#### ABOUT THIS TASK:
Omit the images, then print each record below exactly as it reads.

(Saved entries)
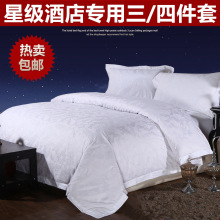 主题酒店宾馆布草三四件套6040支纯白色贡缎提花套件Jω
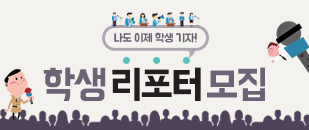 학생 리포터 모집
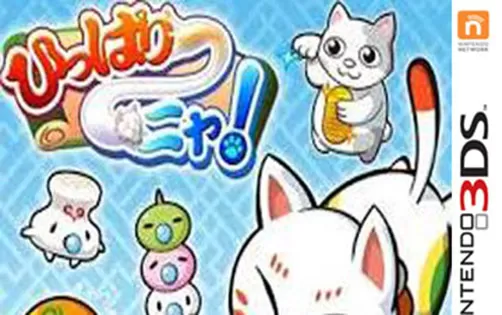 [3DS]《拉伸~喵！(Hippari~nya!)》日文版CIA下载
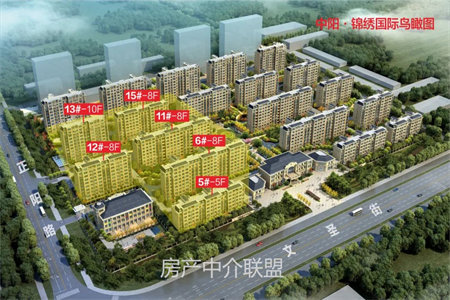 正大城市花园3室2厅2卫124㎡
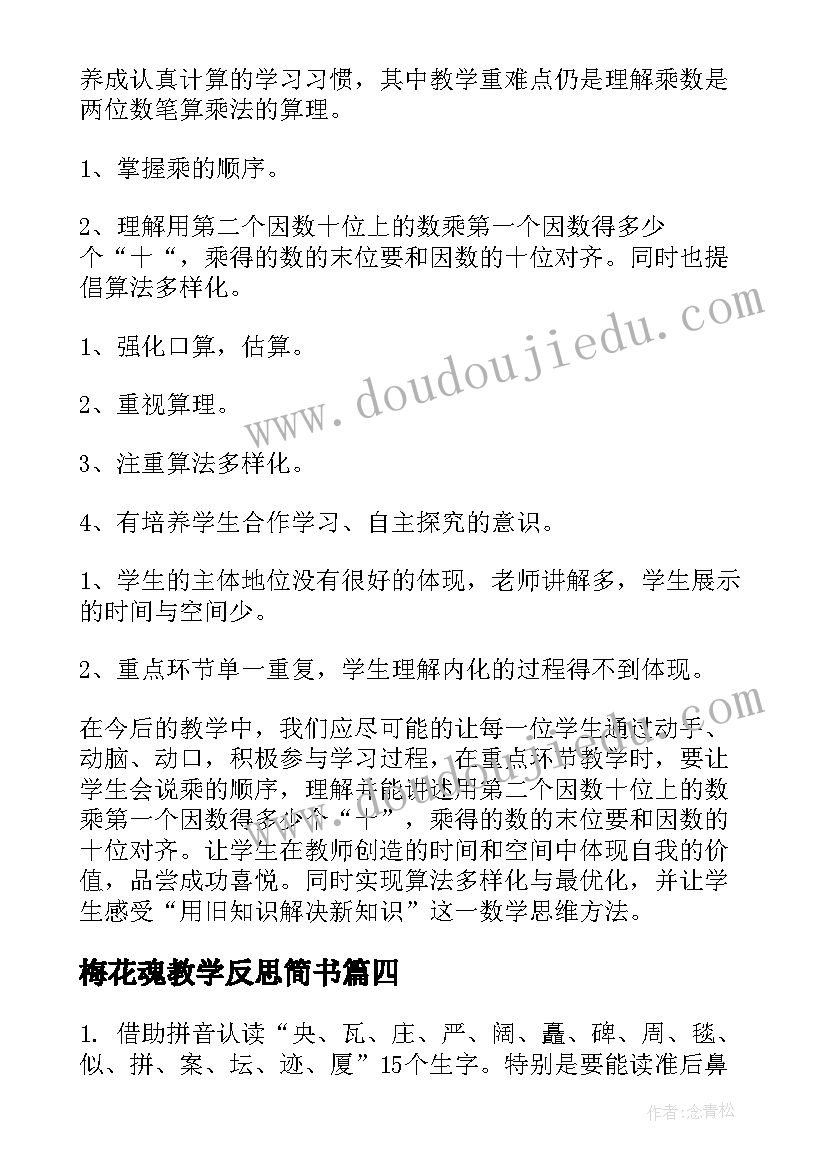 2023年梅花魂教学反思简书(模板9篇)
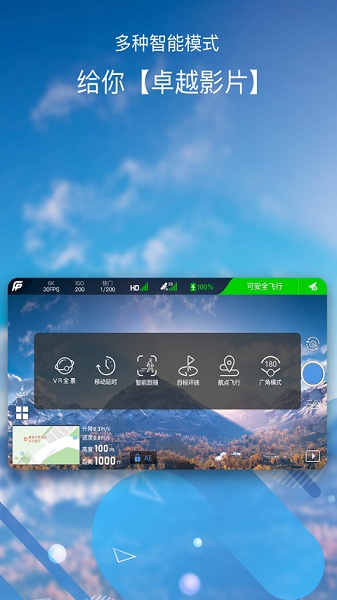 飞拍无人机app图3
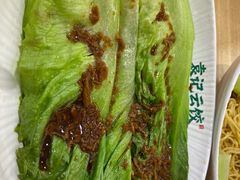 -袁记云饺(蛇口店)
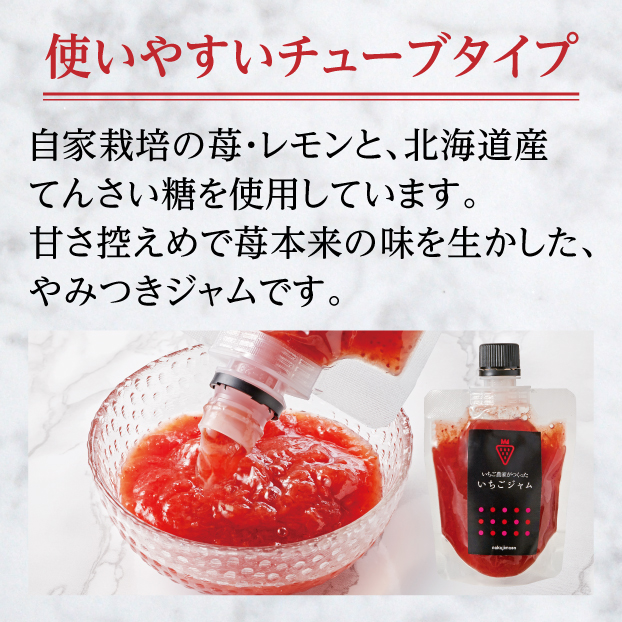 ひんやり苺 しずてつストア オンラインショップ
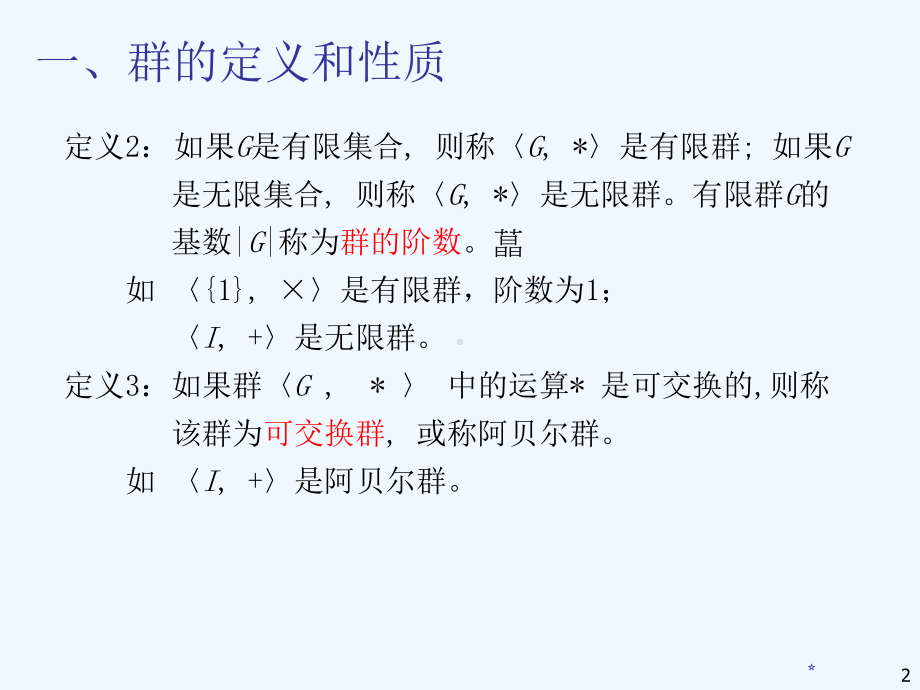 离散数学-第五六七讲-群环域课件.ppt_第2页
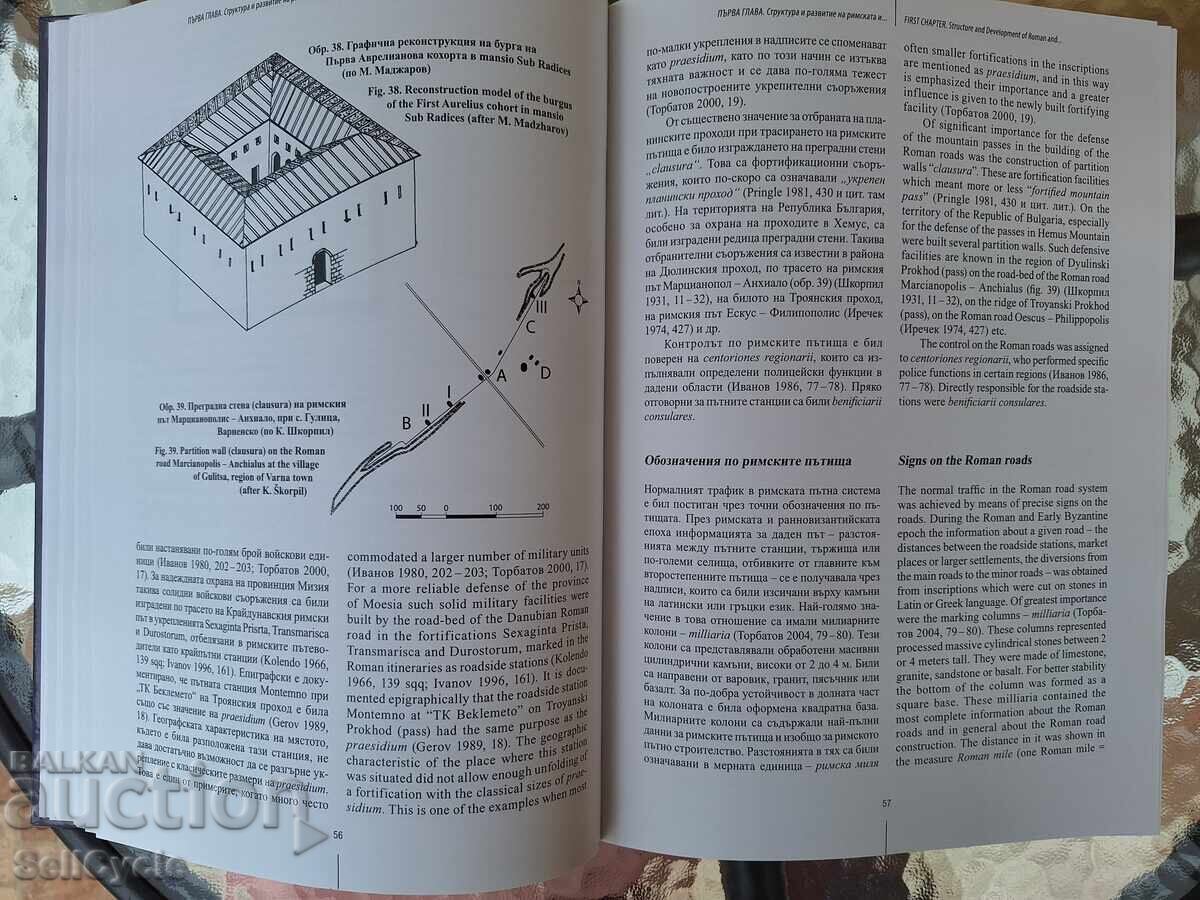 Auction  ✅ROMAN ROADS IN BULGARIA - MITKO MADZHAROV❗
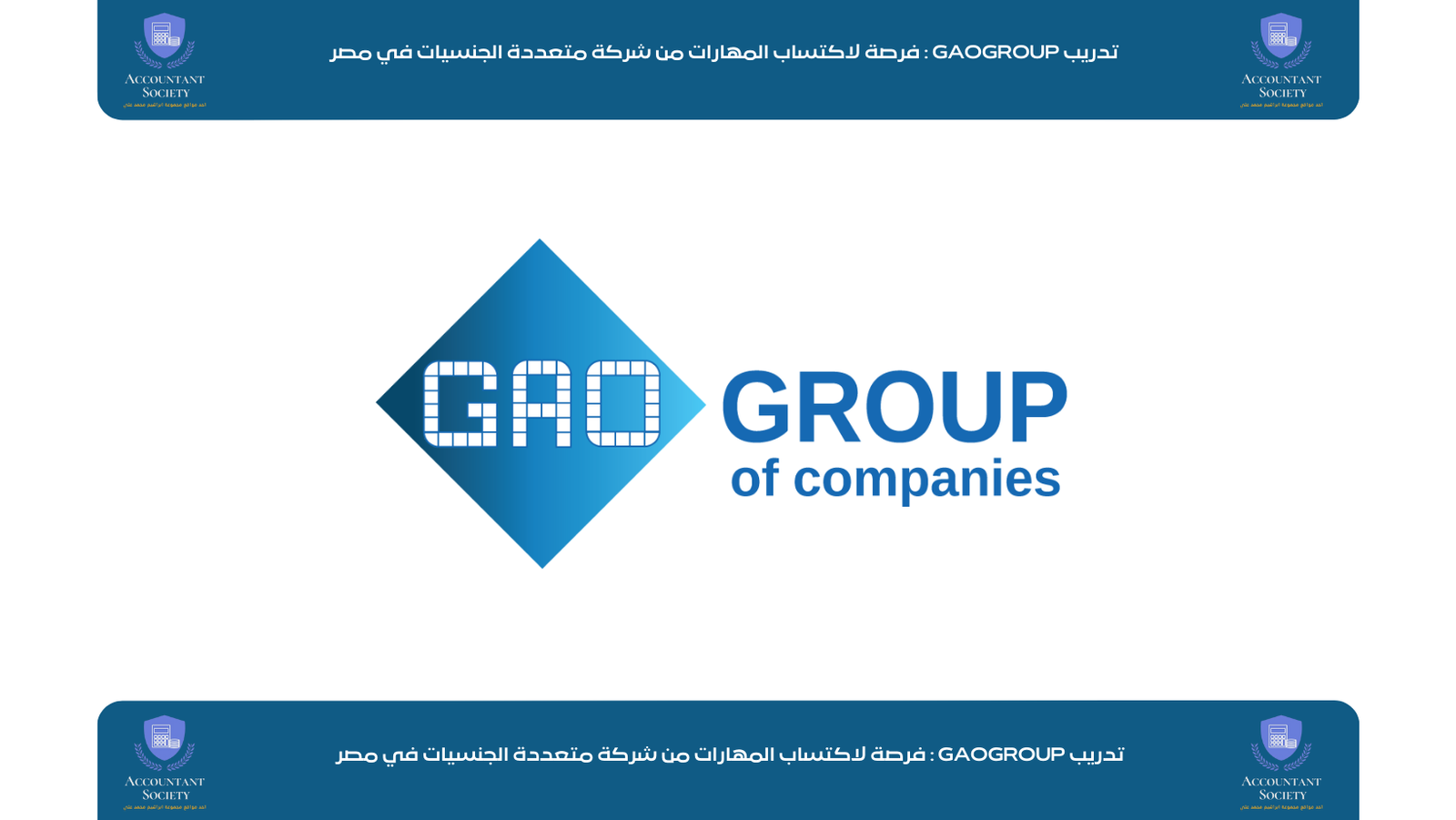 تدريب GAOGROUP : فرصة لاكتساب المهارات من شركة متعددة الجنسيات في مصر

#### RESULT FOR THIS EXERCISE:
 主题酒店宾馆布草三四件套6040支纯白色贡缎提花套件Jω
 학생 리포터 모집
 [3DS]《拉伸~喵！(Hippari~nya!)》日文版CIA下载
 正大城市花园3室2厅2卫124㎡
 2023年梅花魂教学反思简书(模板9篇)
 飞拍无人机app图3
 -袁记云饺(蛇口店)
 ひんやり苺 しずてつストア オンラインショップ
 离散数学-第五六七讲-群环域课件.ppt_第2页
 Auction  ✅ROMAN ROADS IN BULGARIA - MITKO MADZHAROV❗
 تدريب GAOGROUP : فرصة لاكتساب المهارات من شركة متعددة الجنسيات في مصر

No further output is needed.